Building an AI Security Code Reviewer on AWS EKS

Apr 28, 2026 · 12 min read

The Problem

Security code reviews are a bottleneck. Most teams either skip them or rely on static analysis tools that generate walls of false positives. I wanted to build something that actually thinks about code. It understands context, identifies real vulnerabilities, and explains what to fix.

CodeGuardian AI is a production-grade security code reviewer: developers submit code, Claude Sonnet analyzes it, and returns structured findings with severity ratings, CWE/OWASP mappings, and actionable fix suggestions.

Architecture

The system runs on AWS EKS with a FastAPI backend, React frontend, and AWS Bedrock for Claude Sonnet inference. Everything is deployed via Terraform and managed through ArgoCD GitOps.

Frontend: React SPA served via nginx, handles code submission and results display
Backend: FastAPI (Python). Validates input, manages prompt engineering, calls Bedrock, parses structured output
AI Engine: AWS Bedrock Claude Sonnet. Receives code + security analysis prompt, returns JSON findings
Infrastructure: EKS cluster, ALB ingress, RDS for persistence, ElastiCache for rate limiting
GitOps: ArgoCD watches the Helm chart repo, auto-syncs on merge to main

Key Design Decisions

Why EKS over Lambda?

Lambda would have been simpler for a single-endpoint API, but I chose EKS because:

Cold starts on Lambda + Bedrock calls would push response times past 30s
I needed persistent connections for streaming responses back to the frontend
EKS gives me a real platform story: HPA for scaling, service mesh for observability, pod security policies
At enterprise scale (~200 AWS accounts), teams already run EKS. This fits into existing patterns

Why ArgoCD over Flux?

Both are solid. I went with ArgoCD because the UI makes it easy to demo rollback scenarios and sync status. For a portfolio project that I'll be presenting in interviews, visual feedback matters. ArgoCD's app-of-apps pattern also scales well. I can add new microservices without touching the root config.
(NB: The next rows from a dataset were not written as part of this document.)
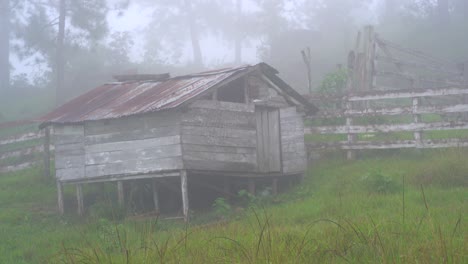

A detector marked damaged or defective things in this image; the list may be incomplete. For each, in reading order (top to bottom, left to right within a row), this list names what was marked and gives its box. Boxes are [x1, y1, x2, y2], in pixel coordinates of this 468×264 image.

rust stain on roof [40, 65, 252, 125]
rusty metal roof [39, 63, 318, 126]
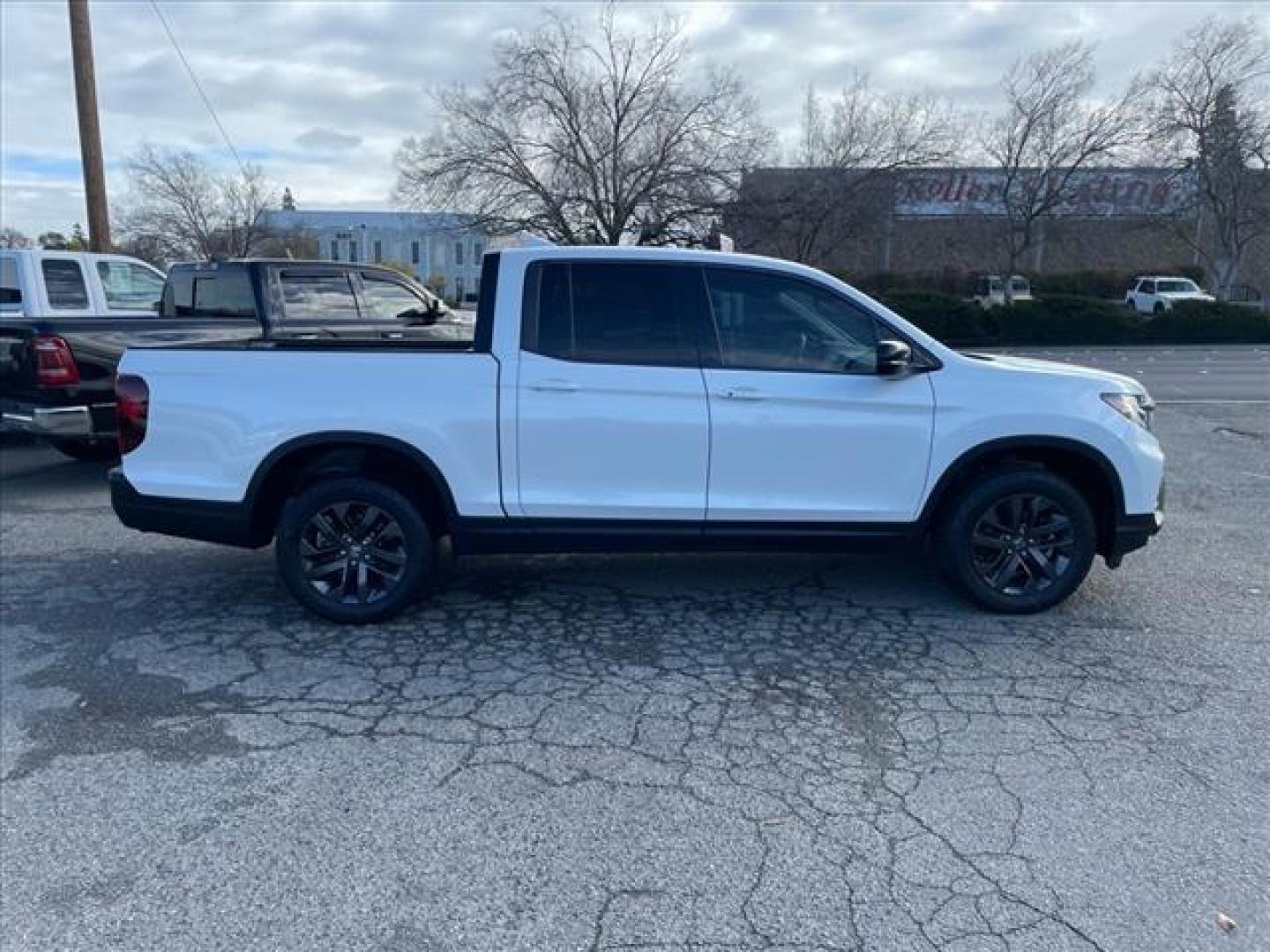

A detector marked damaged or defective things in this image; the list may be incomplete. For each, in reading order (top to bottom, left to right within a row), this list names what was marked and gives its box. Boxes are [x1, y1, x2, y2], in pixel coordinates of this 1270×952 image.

cracked asphalt pavement [2, 368, 1270, 949]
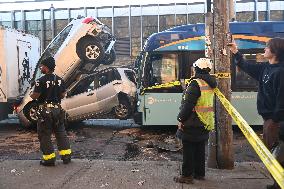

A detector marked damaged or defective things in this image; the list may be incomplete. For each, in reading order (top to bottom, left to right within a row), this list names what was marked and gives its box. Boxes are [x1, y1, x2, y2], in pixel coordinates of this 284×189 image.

overturned white suv [16, 66, 136, 127]
crashed car [16, 66, 137, 127]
VPC Endpoint Cost Optimization

AWS charges ~$7/month per VPC endpoint. When you need endpoints for ECR (dkr + api), S3 gateway, STS, Bedrock, CloudWatch Logs, and SSM, that adds up fast. I consolidated where possible and used S3 gateway endpoints (free) instead of interface endpoints where the service supported it.

6-Layer Security Model

Building a security tool that isn't itself secure would be ironic. Here's the defense-in-depth approach:

Layer	Implementation
Network	Private subnets, security groups with least-privilege, VPC endpoints
Cluster	EKS managed node groups, IRSA for pod-level IAM, no SSH access
Application	Input validation, rate limiting, structured output parsing (no raw LLM output to users)
Data	TLS in transit, KMS encryption at rest, no code persistence after analysis
Identity	IRSA (IAM Roles for Service Accounts). Each pod gets exactly the permissions it needs
Observability	Prometheus metrics, Grafana dashboards, CloudWatch alarms on anomalous patterns

Observability

Prometheus + Grafana stack deployed alongside the application. Key metrics I track:

Bedrock latency: p50, p95, p99 response times per model
Token usage: Input/output tokens per request (cost tracking)
Error rates: Bedrock throttling, timeout rates, malformed response rates
Business metrics: Submissions per hour, findings by severity distribution

What I'd Do Differently

Streaming responses: Currently waits for the full Bedrock response before returning. Should stream findings back as they're generated
Multi-model support: Add GPT-4o and Gemini as alternative analyzers, let users compare findings across models
GitHub integration: Auto-trigger reviews on PR creation, post findings as review comments
Fine-tuning: Collect labeled data from user feedback on findings to improve prompt engineering or fine-tune a smaller model

Results

The system processes code submissions in under 15 seconds, returns structured JSON findings with severity levels and remediation steps, and costs less than $50/month for the entire infrastructure stack at moderate usage.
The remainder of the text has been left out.